Aloha! Below is a commentary I wrote on the City rail transit authority's decision to rent luxury office space in downtown for $1.4 million per year, which was published in Pacific Business News on Friday.
This is the third in a series of editorials I authored on the need for fiscal responsibility at all levels of government. The first, published in Hawaii Reporter, focused on the East West Center and the critical need for a bi-partisan Hawaii congressional delegation that will work with both Republicans and Democrats. The second, published in the Honolulu Star-Advertiser, highlighted concerns with the lack of fiscal responsibility at the Board of Water Supply that resulted in a proposed 70% increase in water rates on Oahu.
To me, good government means more than just saying what people want to hear. It means identifying problems that concern our community and proposing constructive solutions. We need to take an active interest in our government if we expect our government to be one worth having. If you have a concern about our government that you would like to share with me, I would appreciate hearing from you.
The late US Senator C. Everett Dirksen is credited with saying, in reference to the Federal budget, “a million here, a million there, and pretty soon you’re talking about real money.”
That quote is appropriate for the Honolulu rail project today. The disclosure that the newly formed Honolulu rail transit authority will spend close to $1.4 million in taxpayer funds for one year’s worth of rent for prime office space in downtown Honolulu adds to the growing sense that the authority has, at best, a cavalier attitude toward the spending of your money and misunderstands the reasoning for rail.
For starters, a government agency opting to spend nearly $1.4 million in annual rent is alone disturbing. This is a large sum of taxpayer money to expend for office rent in the middle of a slow economy and record unemployment. Keep in mind, this million-dollar plus price tag is not a one-time expenditure, but a recurring annual expense underwritten by the taxpayers.
If the enormous annual price tag for rent doesn’t concern you, the poor judgment by the rail transit authority in opting to rent premium Class A office space in downtown Honolulu should trouble you.
It is understandable that certain private firms, such as banks or law firms, whose businesses depend on impressing prospective clients, need to rent premium office space in downtown. There is no good reason why a government agency needs Class A office space in the most expensive part of downtown Honolulu. For the rail authority in particular, it not only doesn’t solicit clients, it will distribute billions of dollars of government contracts.
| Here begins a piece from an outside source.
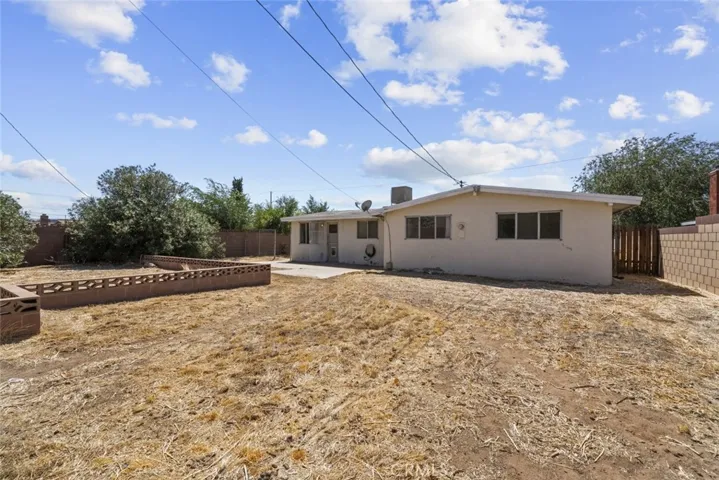 38434 Pond Avenue, Palmdale, California 93550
My guess is that any prospective contractor, architect, or engineer would likely be only too happy to visit the rail authority wherever it is located to get a slice of the multi-billion dollar contracts.
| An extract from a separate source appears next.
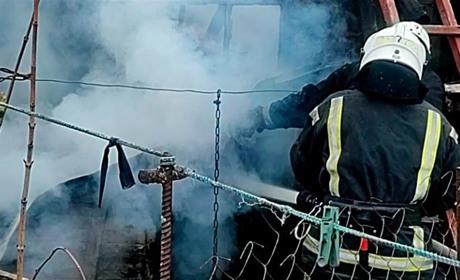 Вогнеборці ліквідували пожежу в приватному секторі Шостки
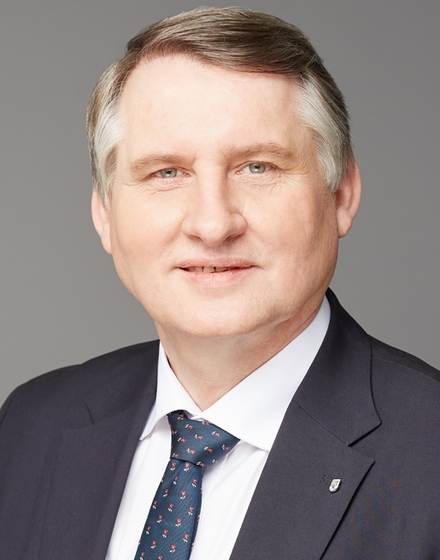 Frank  Bommersbach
For over a decade now, the City government has also adopted a policy to push private businesses to relocate and expand in West Oahu as a means of relieving congestion in downtown Honolulu. That the City's rail project has opted to ignore stated City policy and locate in downtown Honolulu undermines public confidence. Private businesses pushed by the City to locate away from downtown should legitimately question the City's double standard for itself and private enterprise.
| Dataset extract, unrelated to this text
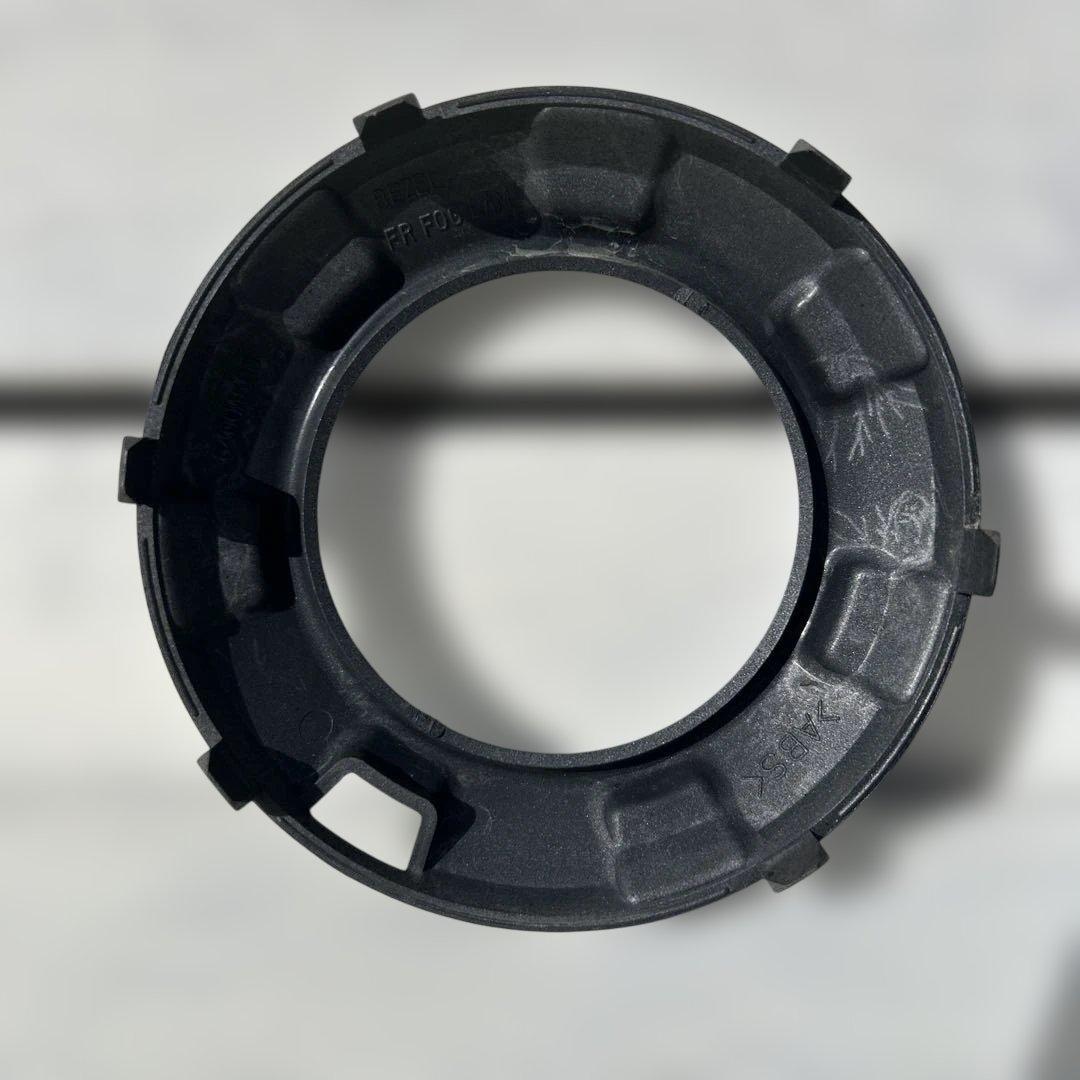 デリカD5MC前　フォグランプベゼル(フォグランプカバー)チッピング塗装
Most troubling of all, however, is that the rail authority is undermining one of the principle reasons for rail by renting office space in downtown Honolulu. While I served on the Honolulu City Council, proponents of rail frequently cited to me the growth of West Oahu as a major justification for rail. Rail champions argued that rail is needed to support commerce in the growing Ewa plain and reduce demand on commuters converging on downtown. It is ironic that the government agency charged with building a rail system to spur commerce in West Oahu and reduce congestion in downtown Honolulu has chosen add to congestion by renting two entire floors for hundreds of employees in a premium office tower in downtown Honolulu.
The Honolulu City Council needs to exercise greater care and demand greater accountability over the spending of the people’s money on rail. Whether you support or oppose the rail project, everyone should agree that there is simply no good justification for wasting taxpayer resources.
I am still hopeful that the remarkable tone deafness on fiscal affairs shown by the City’s rail project managers improves. I am hopeful that greater community consensus is eventually built for rail by Honolulu Hale. I am still hopeful that funding and cost targets for building rail aren’t wildly off the mark. The decision by the rail authority to spend $1.4 million of your money annually on luxury office space in downtown, however, shows that my hopes are still not yet justified by experience.